Then at last I dared not hold the attraction longer. With all the tiny plates in my suit electronized to full repulsion, I began slackening my fall. Still I had not glimpsed Carson. Disappointment was within me. What a long chance was this! A five-hundred-mile hemisphere of utter desolation. No food; no water. And I had no weapons or instruments, save the single little paralyzer-gun which I had snatched from the deck when I recovered my senses. I was beginning to be sorry now that I had so hastily left the Seven Stars. No chance of getting back; the die was cast, here on little Asteroid-9 pitted against this resourceful, youthful astonishing Interplanetary murderer.

What was Carson's plan? Escape from the ship had been a desperate necessity for him, of course. And my memory was back to the fragments I had heard between him and Brenda. I could understand them better now! They had planned from the beginning to escape to Asteroid-9! And poor little Brenda, entangled in this criminality with her brother, had left the ship first, and met her death. Memory of the map they had had came suddenly to me. I had it in my pocket now; I tried to conjure what it had looked like. Outlines of mountains; the word Andros. Was that the name of one of the asteroid's mountain peaks? Probably it was. I cursed myself for my ignorance. The Phantom raider probably was based upon this desolate asteroid. A hide-out here, with food and water and possibly with some of the raiders' men living here. And Carson was dropping now to join them.

What chance had I against a layout like that?

But I had no choice now but hurtle downward, trying to check my descent as best I could. For a time, as I came out from under the clouds, with the dark, fantastic surface of naked, ragged little peaks no more than twenty or thirty thousand feet down, it seemed that I had been too brash; I was dropping too fast; never would I be able to check it. I would crash....


But that, too, was an error, born of my momentarily despairing thoughts. I was presently poised, some ten thousand feet up. The highest of the little peaks was no more than half that. They stood in a tumbled mass—jagged needle-spires—rocks and buttes and great round-top boulders, with ravines and gullies between them. Scene of utter, naked desolation, convulsed landscape, frozen into immobility.

And suddenly my heart was pounding with abrupt exultation. Far down, where the starlight and Earthlight bathed a little peak, I saw the speck which was the descending Carson! Just for a second the tiny outline of his bloated suit was clear against the background of a shining rock. Then he dropped into an inky shadow and was gone again.

I tried to mark the spot. A little triplet of spires, standing like sentinels above a small dark valley. Was that Andros, a landmark here? Probably it was.

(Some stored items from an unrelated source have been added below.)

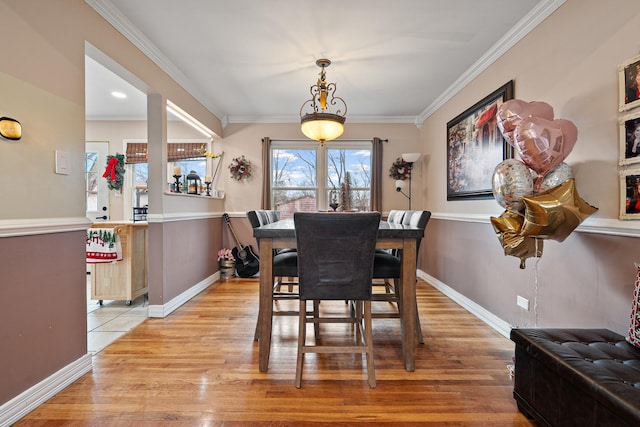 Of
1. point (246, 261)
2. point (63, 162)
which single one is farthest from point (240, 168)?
point (63, 162)

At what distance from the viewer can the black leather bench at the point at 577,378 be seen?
105cm

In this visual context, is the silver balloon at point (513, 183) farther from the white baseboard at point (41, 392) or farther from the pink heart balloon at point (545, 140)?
the white baseboard at point (41, 392)

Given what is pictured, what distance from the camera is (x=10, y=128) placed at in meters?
1.48

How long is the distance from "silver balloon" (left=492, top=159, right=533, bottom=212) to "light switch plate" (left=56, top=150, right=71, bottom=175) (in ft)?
8.53

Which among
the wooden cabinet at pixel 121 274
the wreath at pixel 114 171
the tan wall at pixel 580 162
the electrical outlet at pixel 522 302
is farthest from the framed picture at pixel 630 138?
the wreath at pixel 114 171

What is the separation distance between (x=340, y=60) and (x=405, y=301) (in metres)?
2.30

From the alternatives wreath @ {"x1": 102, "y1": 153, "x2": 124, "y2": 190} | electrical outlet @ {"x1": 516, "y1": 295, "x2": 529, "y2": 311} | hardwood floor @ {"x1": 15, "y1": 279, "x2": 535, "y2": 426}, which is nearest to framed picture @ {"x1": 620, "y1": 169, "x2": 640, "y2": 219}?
electrical outlet @ {"x1": 516, "y1": 295, "x2": 529, "y2": 311}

I was down in perhaps another half hour, with the triplet of spires standing up against what was now a sullen sky of broken leaden clouds through which the starlight and Earthlight fitfully shone. I had landed, by all that I could judge, about half an Earth-mile from where Carson had dropped. Had he seen me coming down above him? Perhaps. Perhaps not.

With my helmet off, and with my lungs panting as they tried to adjust themselves to the weird air, I crouched for a moment in the shadow of a rock, peering, listening. There was nothing. It seemed a dead world, myself its only inhabitant—a silence so utter that my own breath, my pounding heart were roaring in my ears.